Excerpted data:
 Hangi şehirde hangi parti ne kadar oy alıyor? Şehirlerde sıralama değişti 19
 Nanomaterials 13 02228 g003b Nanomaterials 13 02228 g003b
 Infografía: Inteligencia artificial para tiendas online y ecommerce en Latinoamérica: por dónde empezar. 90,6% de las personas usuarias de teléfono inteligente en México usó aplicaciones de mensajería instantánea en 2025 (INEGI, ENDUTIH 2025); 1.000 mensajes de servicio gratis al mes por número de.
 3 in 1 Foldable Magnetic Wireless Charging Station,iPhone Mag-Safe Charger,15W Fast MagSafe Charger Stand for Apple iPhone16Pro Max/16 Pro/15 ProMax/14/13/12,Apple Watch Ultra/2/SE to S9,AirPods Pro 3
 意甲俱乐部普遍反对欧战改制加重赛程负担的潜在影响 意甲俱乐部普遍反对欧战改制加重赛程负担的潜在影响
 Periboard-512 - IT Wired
==
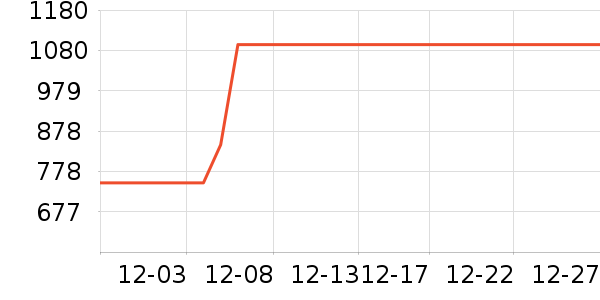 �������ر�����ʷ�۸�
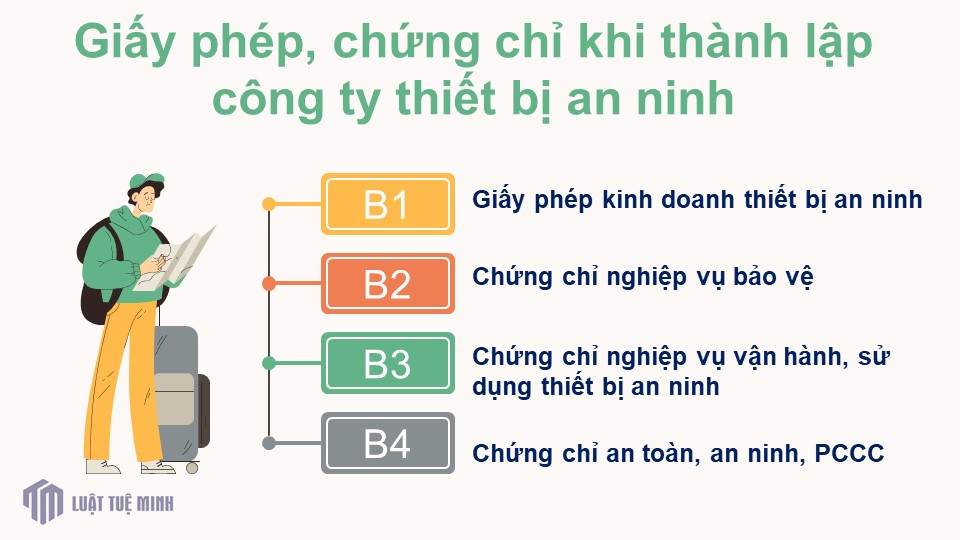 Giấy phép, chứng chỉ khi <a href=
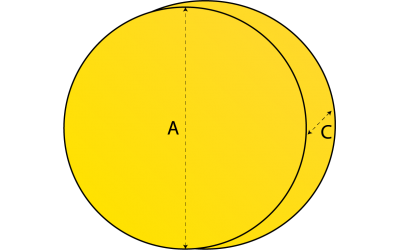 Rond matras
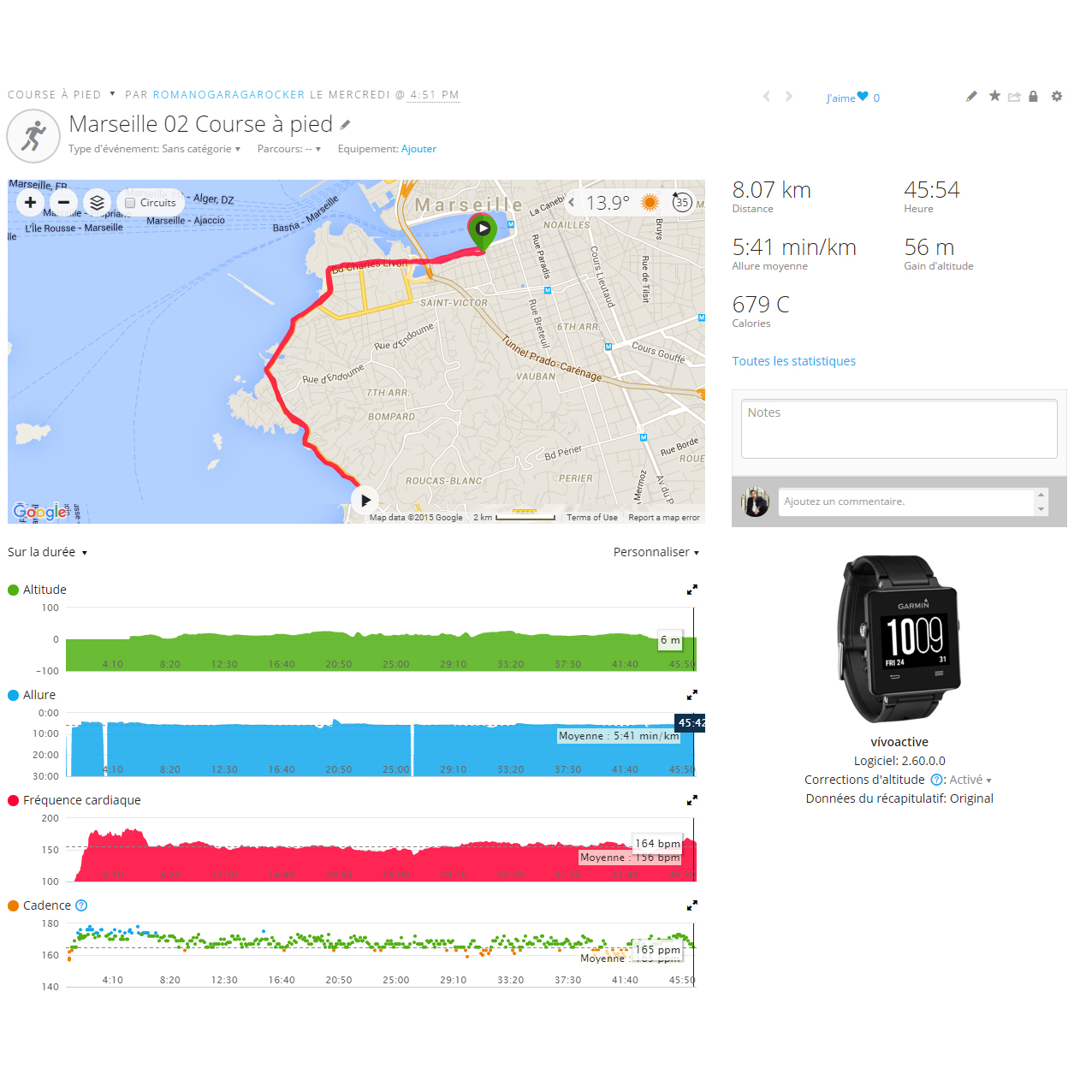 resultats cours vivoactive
---
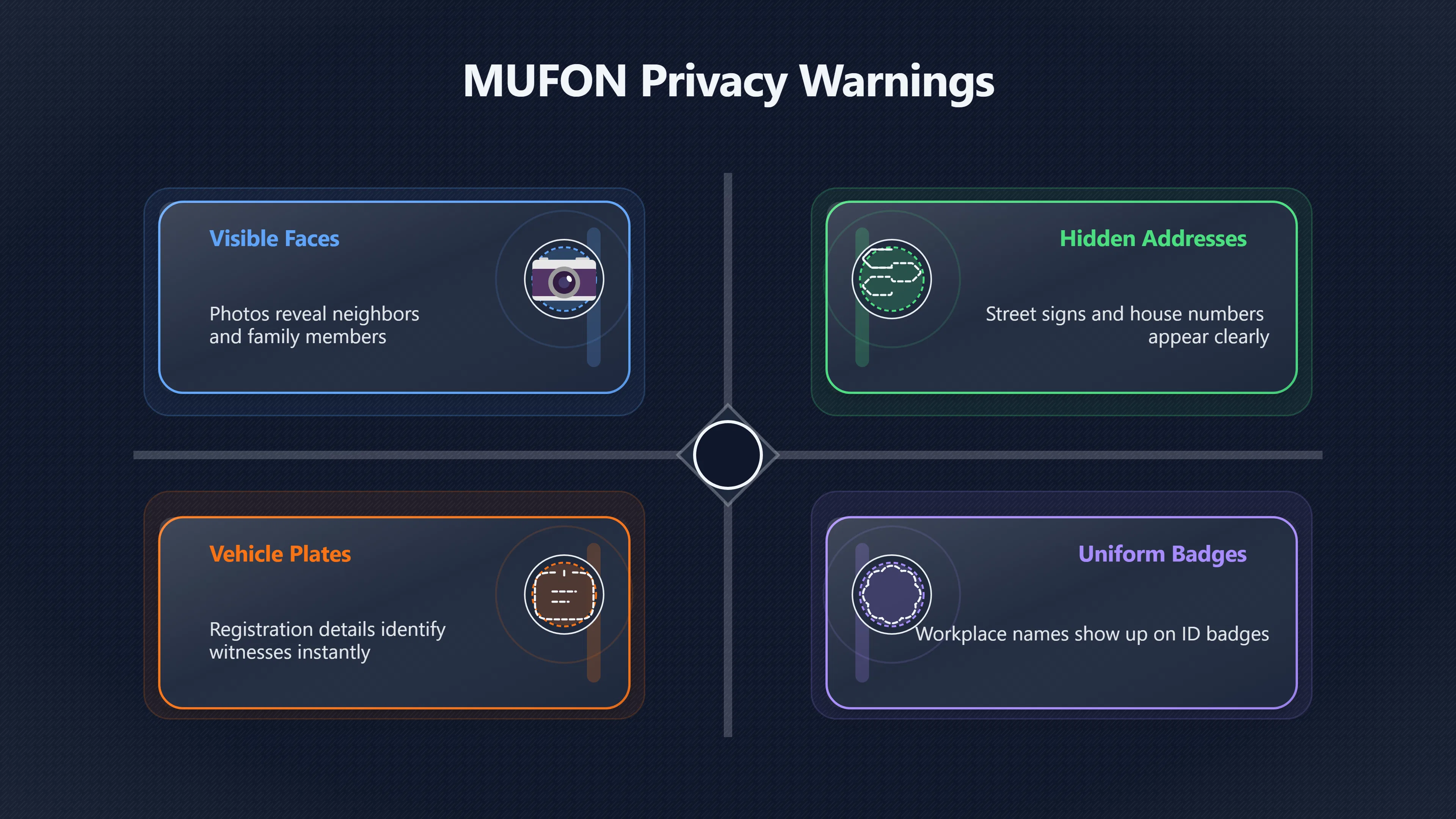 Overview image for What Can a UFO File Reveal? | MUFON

Task directions: Above is a listing; print exactly its lines from the one with "3 in 1 Foldable" through the one with "Periboard-512 - IT Wired", and no other lines.

Response area:
 3 in 1 Foldable Magnetic Wireless Charging Station,iPhone Mag-Safe Charger,15W Fast MagSafe Charger Stand for Apple iPhone16Pro Max/16 Pro/15 ProMax/14/13/12,Apple Watch Ultra/2/SE to S9,AirPods Pro 3
 意甲俱乐部普遍反对欧战改制加重赛程负担的潜在影响 意甲俱乐部普遍反对欧战改制加重赛程负担的潜在影响
 Periboard-512 - IT Wired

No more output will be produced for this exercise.